EXERCISE DESCRIPTION
Write out the records below word for word, please.

SUPPLIED DATA
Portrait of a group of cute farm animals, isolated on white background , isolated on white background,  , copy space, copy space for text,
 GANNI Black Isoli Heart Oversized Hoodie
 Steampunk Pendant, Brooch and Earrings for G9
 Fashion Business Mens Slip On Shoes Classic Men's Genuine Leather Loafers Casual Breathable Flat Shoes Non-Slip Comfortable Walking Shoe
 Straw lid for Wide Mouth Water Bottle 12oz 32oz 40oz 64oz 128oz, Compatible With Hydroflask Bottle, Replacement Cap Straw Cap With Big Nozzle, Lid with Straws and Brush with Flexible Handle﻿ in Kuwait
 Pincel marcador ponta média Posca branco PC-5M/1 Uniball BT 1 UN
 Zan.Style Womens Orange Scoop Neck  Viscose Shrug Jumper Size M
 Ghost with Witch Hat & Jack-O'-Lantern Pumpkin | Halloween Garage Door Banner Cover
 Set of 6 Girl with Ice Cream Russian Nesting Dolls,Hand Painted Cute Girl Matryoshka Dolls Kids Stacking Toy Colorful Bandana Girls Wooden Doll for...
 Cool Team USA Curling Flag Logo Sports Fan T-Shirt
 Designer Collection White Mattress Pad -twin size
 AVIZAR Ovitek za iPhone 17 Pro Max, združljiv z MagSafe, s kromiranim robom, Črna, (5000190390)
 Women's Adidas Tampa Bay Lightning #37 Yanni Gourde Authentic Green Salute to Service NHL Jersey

FINISHED EXERCISE
Portrait of a group of cute farm animals, isolated on white background , isolated on white background,  , copy space, copy space for text,
 GANNI Black Isoli Heart Oversized Hoodie
 Steampunk Pendant, Brooch and Earrings for G9
 Fashion Business Mens Slip On Shoes Classic Men's Genuine Leather Loafers Casual Breathable Flat Shoes Non-Slip Comfortable Walking Shoe
 Straw lid for Wide Mouth Water Bottle 12oz 32oz 40oz 64oz 128oz, Compatible With Hydroflask Bottle, Replacement Cap Straw Cap With Big Nozzle, Lid with Straws and Brush with Flexible Handle﻿ in Kuwait
 Pincel marcador ponta média Posca branco PC-5M/1 Uniball BT 1 UN
 Zan.Style Womens Orange Scoop Neck  Viscose Shrug Jumper Size M
 Ghost with Witch Hat & Jack-O'-Lantern Pumpkin | Halloween Garage Door Banner Cover
 Set of 6 Girl with Ice Cream Russian Nesting Dolls,Hand Painted Cute Girl Matryoshka Dolls Kids Stacking Toy Colorful Bandana Girls Wooden Doll for...
 Cool Team USA Curling Flag Logo Sports Fan T-Shirt
 Designer Collection White Mattress Pad -twin size
 AVIZAR Ovitek za iPhone 17 Pro Max, združljiv z MagSafe, s kromiranim robom, Črna, (5000190390)
 Women's Adidas Tampa Bay Lightning #37 Yanni Gourde Authentic Green Salute to Service NHL Jersey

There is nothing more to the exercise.